● **Problem description**
Repeat exactly the lines below that lie between the line with "Apartaestudio para el" and the line with "BMW 320 d EfficientDynamics Line Sport - 4", counting both of those lines as part of the answer.

● **Supplied material**

________________________

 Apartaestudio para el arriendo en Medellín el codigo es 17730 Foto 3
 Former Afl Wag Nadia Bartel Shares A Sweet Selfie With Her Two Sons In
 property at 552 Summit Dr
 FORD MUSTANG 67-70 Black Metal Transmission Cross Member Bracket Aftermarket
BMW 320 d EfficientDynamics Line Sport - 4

________________________

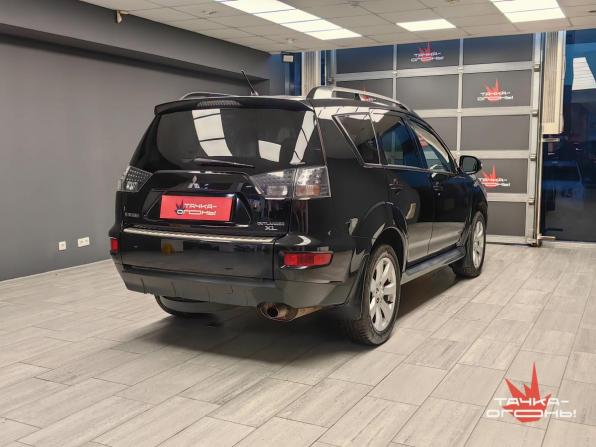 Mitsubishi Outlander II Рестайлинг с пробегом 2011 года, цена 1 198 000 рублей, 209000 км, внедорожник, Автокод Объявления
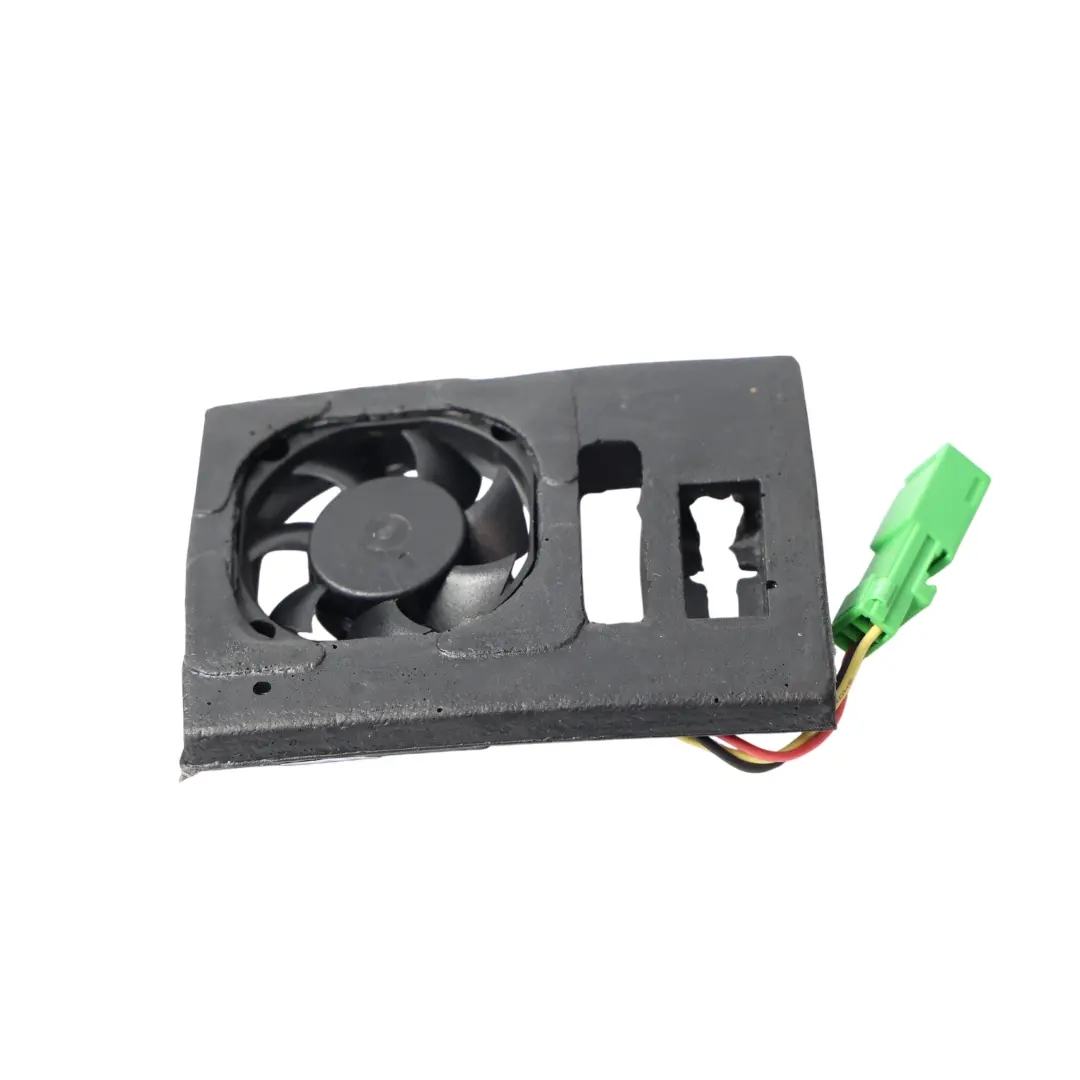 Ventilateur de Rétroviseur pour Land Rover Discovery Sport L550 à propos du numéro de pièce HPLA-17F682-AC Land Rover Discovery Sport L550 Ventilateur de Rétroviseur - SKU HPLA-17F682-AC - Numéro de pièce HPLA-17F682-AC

________________________

● **Your solution**
 Apartaestudio para el arriendo en Medellín el codigo es 17730 Foto 3
 Former Afl Wag Nadia Bartel Shares A Sweet Selfie With Her Two Sons In
 property at 552 Summit Dr
 FORD MUSTANG 67-70 Black Metal Transmission Cross Member Bracket Aftermarket
BMW 320 d EfficientDynamics Line Sport - 4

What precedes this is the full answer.